• Task: Without any images, write the data out exactly as it appears.

• Given material:

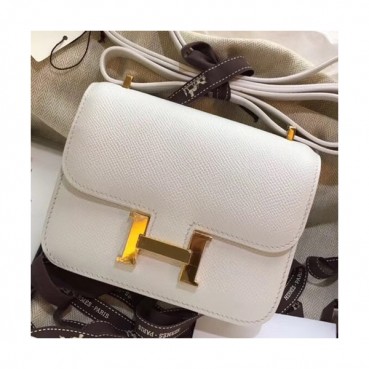 Hermes Constance Epsom Leather Shoulder Bag,14cm - 에르메스 콘스탄스 엡송 레더 여성용 숄더백 HERB0605, 14cm,화이트(금장)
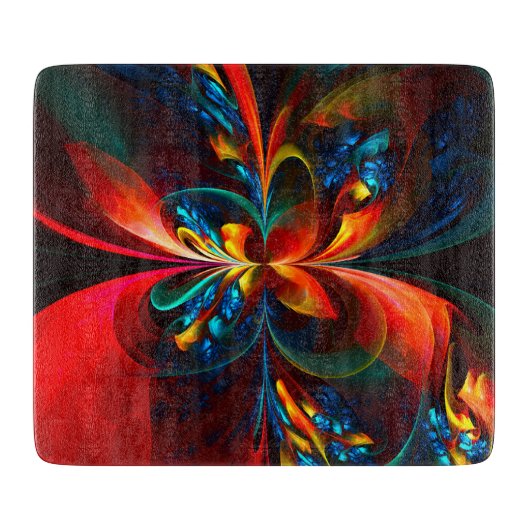 Moderne Abstrakte Blumenkunst Orange Blaues Muster Schneidebrett (Vorderseite)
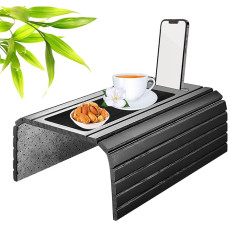 URCheers Sofa Armrest Shelf, Non-Slip Bamboo Drink Holder in Black - Couch Tray Flexible with Pad for Armrests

• Answer space:
 Hermes Constance Epsom Leather Shoulder Bag,14cm - 에르메스 콘스탄스 엡송 레더 여성용 숄더백 HERB0605, 14cm,화이트(금장)
 Moderne Abstrakte Blumenkunst Orange Blaues Muster Schneidebrett (Vorderseite)
 URCheers Sofa Armrest Shelf, Non-Slip Bamboo Drink Holder in Black - Couch Tray Flexible with Pad for Armrests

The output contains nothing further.